Fakat evrenin yüce ruhunun bizim için bambaşka planı vardı. Emin kendi Azeri lehçesi ile ;;Abiler maalesef ayarladığım iki rehberde olmadı birinin özel işleri bir diğerinin de yakını rahatsız olduğu için gelemeyeceğini söyledi;;…..O an zaten kabulde / teslimde olduğum için bunda da bir hayır var diyerek bu yolculuğumu tamamlayacaktım….Emin, “Abiler ben sizler ile gelmeyi çok isterdim, hatta bu ara benimde böyle bir seyahate ihtiyacım var, ama annemi kanser şüphesiyle sürekli hastaneye götürüyorum, ona bakacak, ilgilenecek kimse yok.” diyerek nazikçe yardımcı olmak istedi.
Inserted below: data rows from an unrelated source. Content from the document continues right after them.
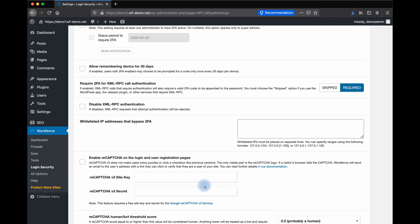ReCAPTCHA version 3 or v3 detects movements of a mouse and other parameters to determine if a human is visiting the site. It's seamless and invisible to the end user. It does, however, require that you obtain a free site key and secret in order to use the service. A link is available here to use that with WordFence login security.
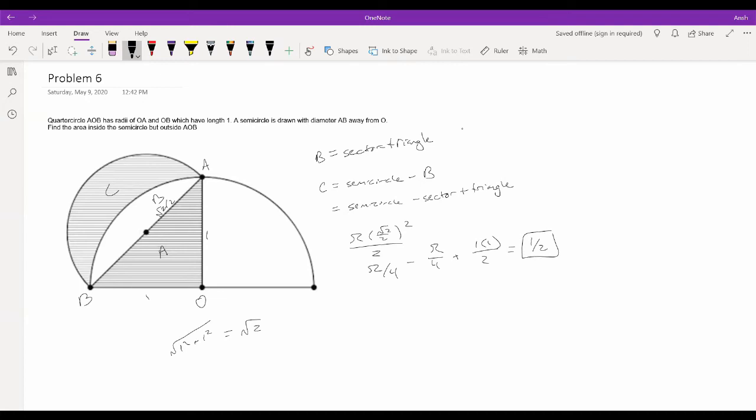This is a rather surprising result — a curved area that equals a nice fraction of 1/2. This specific shape is called the Lune of Hippocrates. It's a cool historical result.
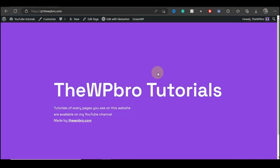Hello everyone and welcome to a new video. In today's video I'm going to be showing you how you can add Christmas effects to your website. In this tutorial we're going to be doing several things like changing our cursor from this normal cursor to a Christmas tree, adding snowfalls to our website, and several other effects. So without wasting time let's get started.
Ve dostlar şaşırtıcı bir şekilde daha sonra bu yolculuğun üçüncü kahramanı Emin olacaktı, her şey değişecek, tüm planlar yeniden yazılacaktı. Rüzgar bir yönden başka bir yola bizi sokacak , bizleri binlerce km öteden bam başka bir gizemler içine / şifaya – toprağa – taşa – rüzgara sarıp, içine çektiği yolculuğa dönüşecekti. Her şey bir olacak, üç olacak, yaşam olacaktı. Toprak ana / Gök baba / Ocak olacaktı. Sibirya treni büyüleyici doğanın içinden geçip şamanların kalbine bizi teslim edecekti.
Nereye demişler Derviş’e.
-Bilmem ki demiş…Gidiyorum öyle çiçekleri ezmeden, evvelden…ezele…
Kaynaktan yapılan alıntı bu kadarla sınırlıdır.